→ Exercise:
When the line with "Howard Johnson Resort" turns up below, begin repeating exactly, and carry on through the line with "55755 Little Creek Lane Middlebury IN 46540"; no pictures go into the copy.

══ Information supplied ══

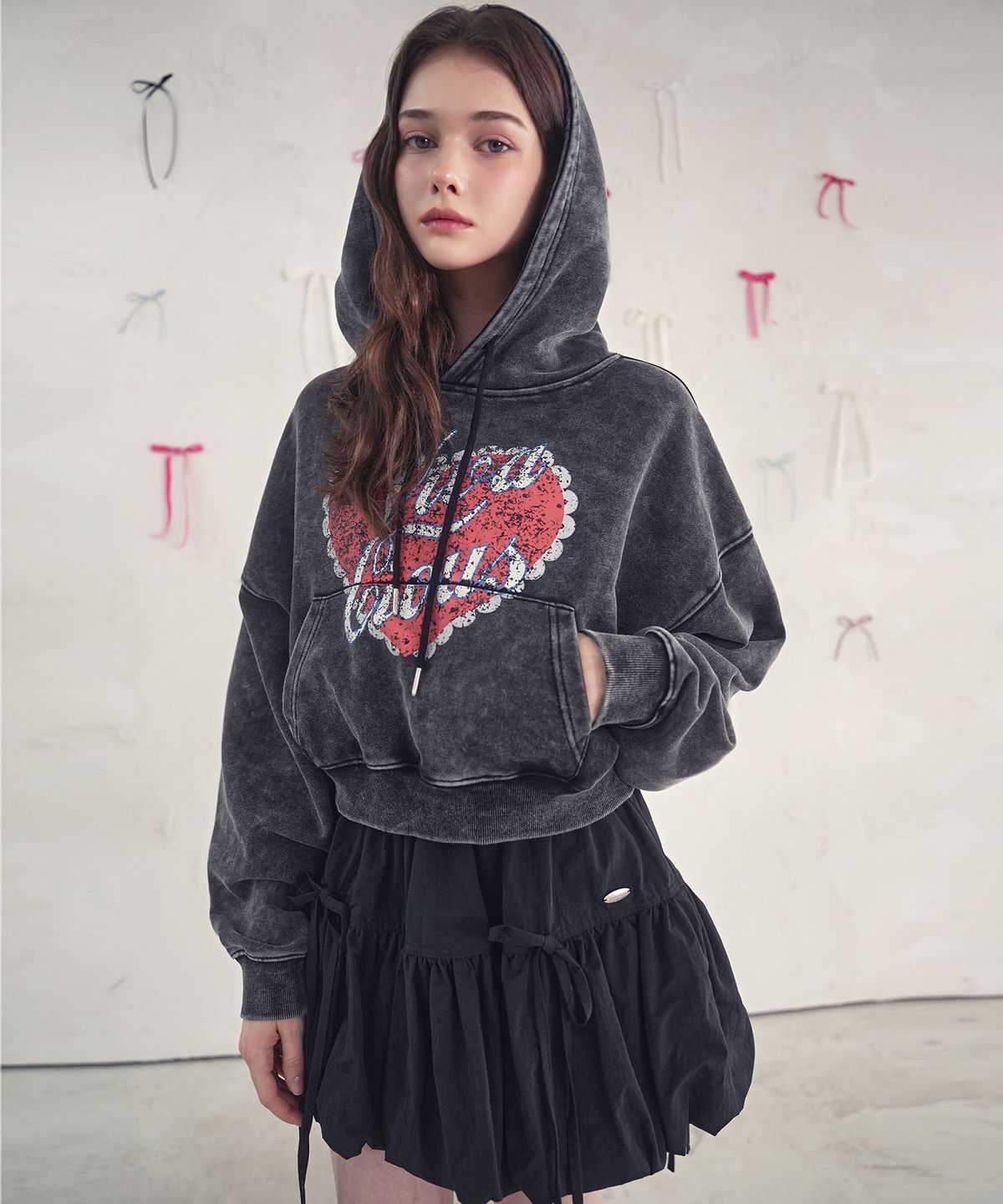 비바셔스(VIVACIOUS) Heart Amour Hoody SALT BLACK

═══
══ Information supplied ══

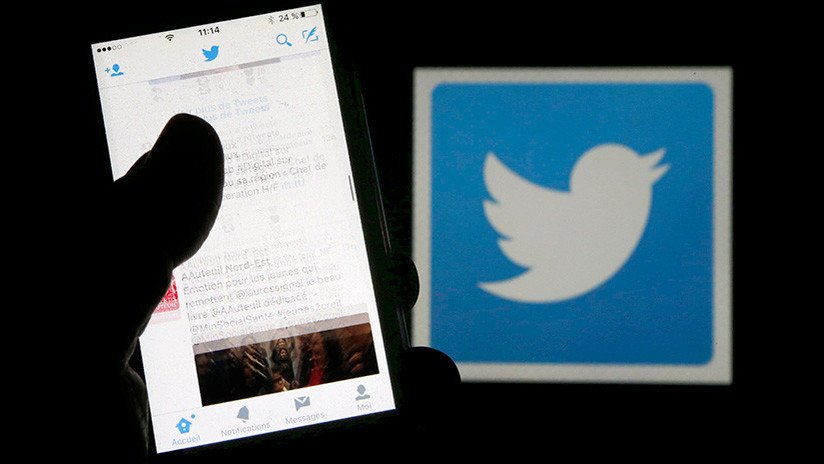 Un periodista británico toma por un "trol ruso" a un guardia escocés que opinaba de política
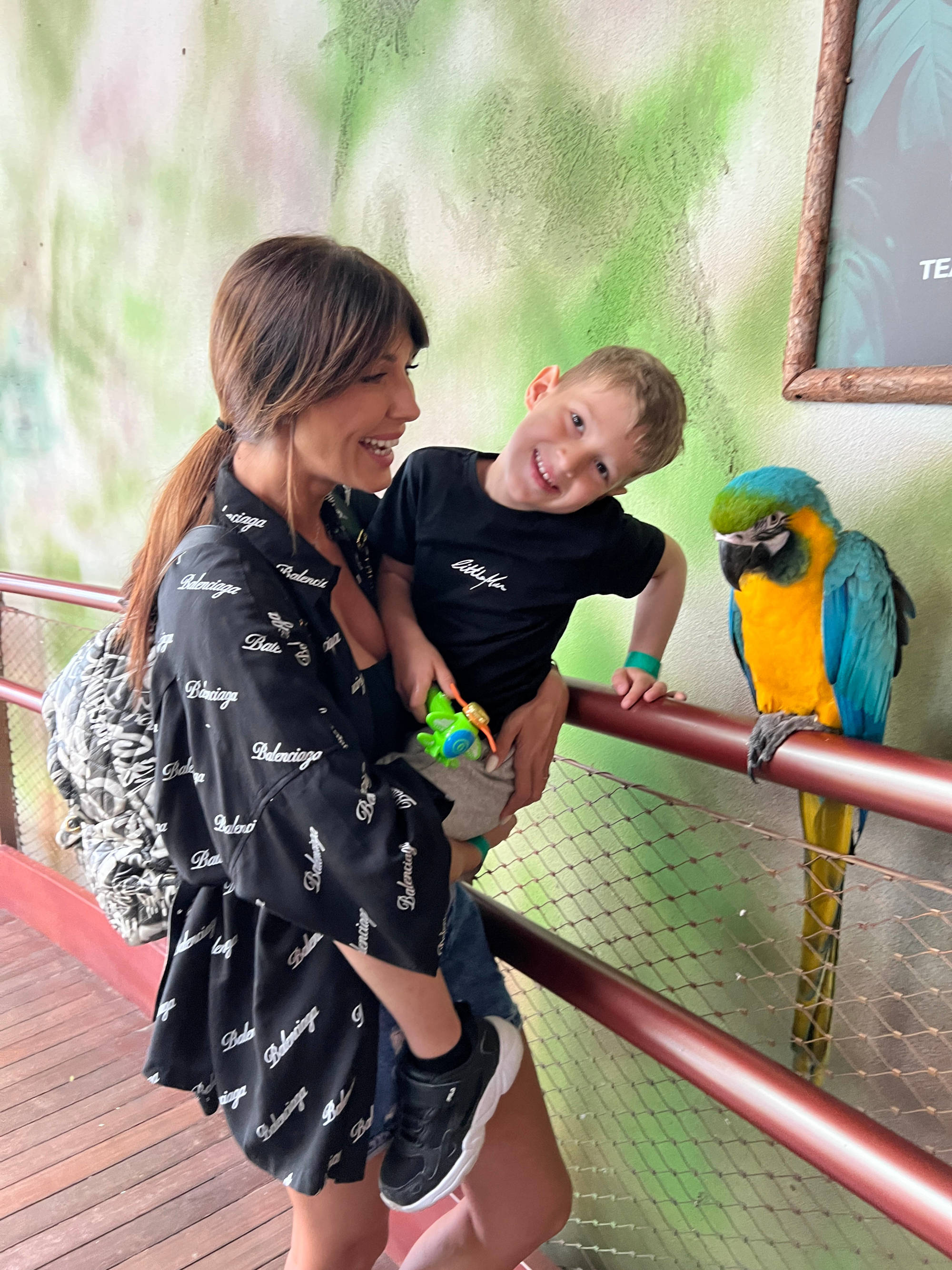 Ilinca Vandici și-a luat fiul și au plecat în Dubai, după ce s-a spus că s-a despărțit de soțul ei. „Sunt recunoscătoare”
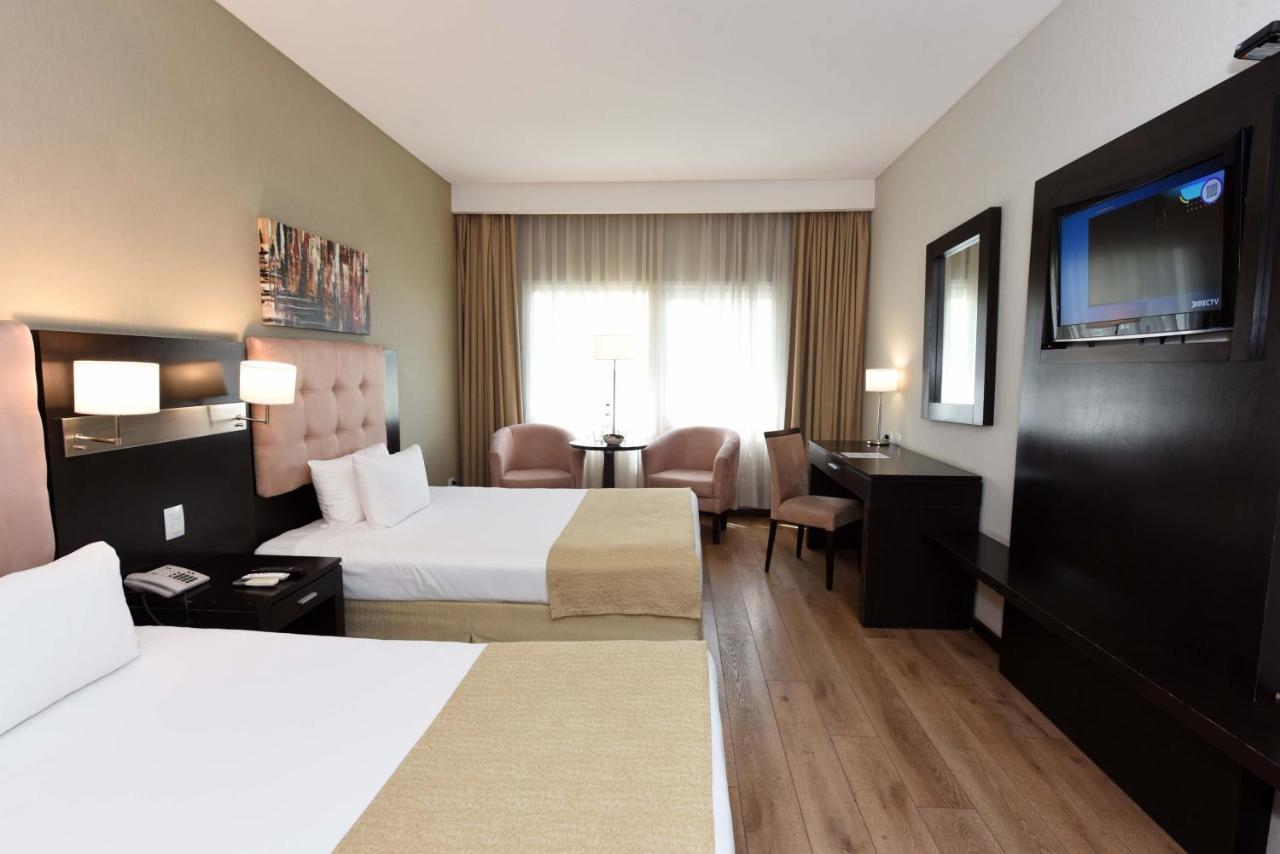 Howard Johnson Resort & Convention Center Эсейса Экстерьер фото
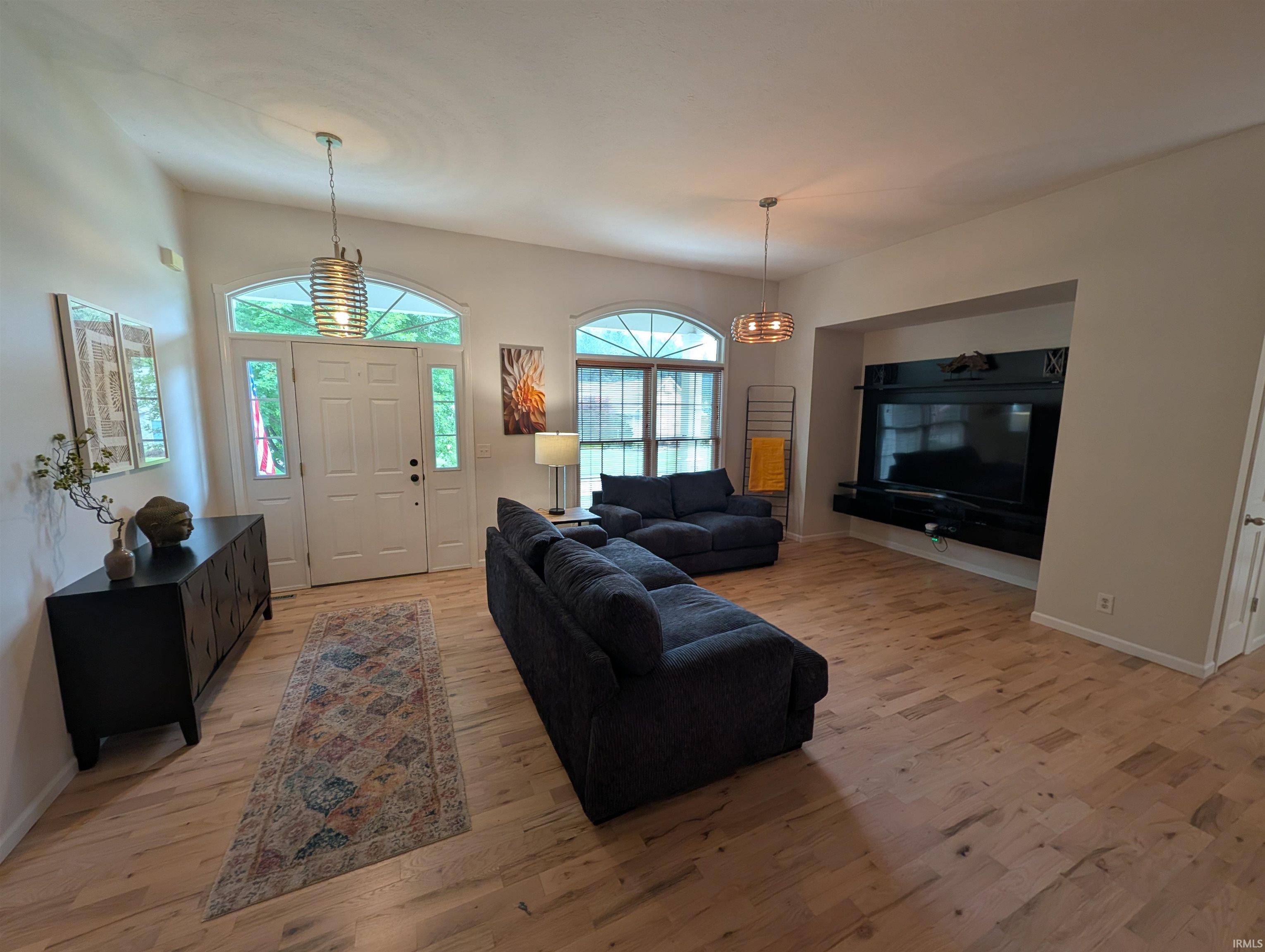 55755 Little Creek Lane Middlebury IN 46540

═══
══ Information supplied ══

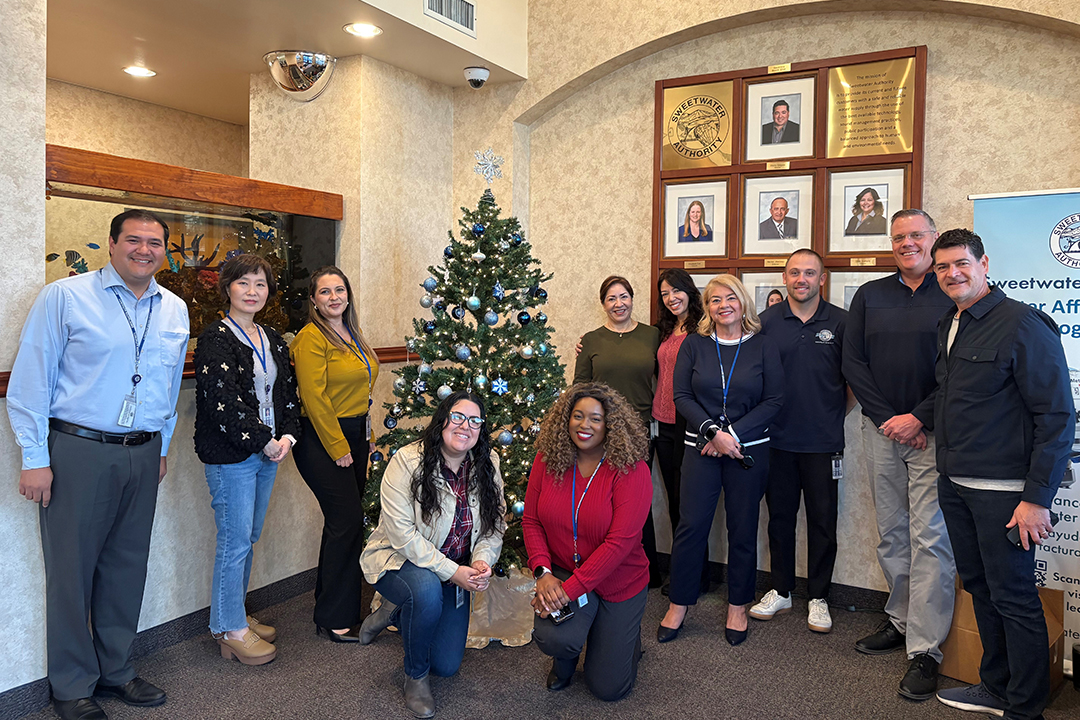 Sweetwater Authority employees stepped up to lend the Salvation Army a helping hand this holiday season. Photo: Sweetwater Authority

═══

→ Solution to this problem:
 Howard Johnson Resort & Convention Center Эсейса Экстерьер фото
 55755 Little Creek Lane Middlebury IN 46540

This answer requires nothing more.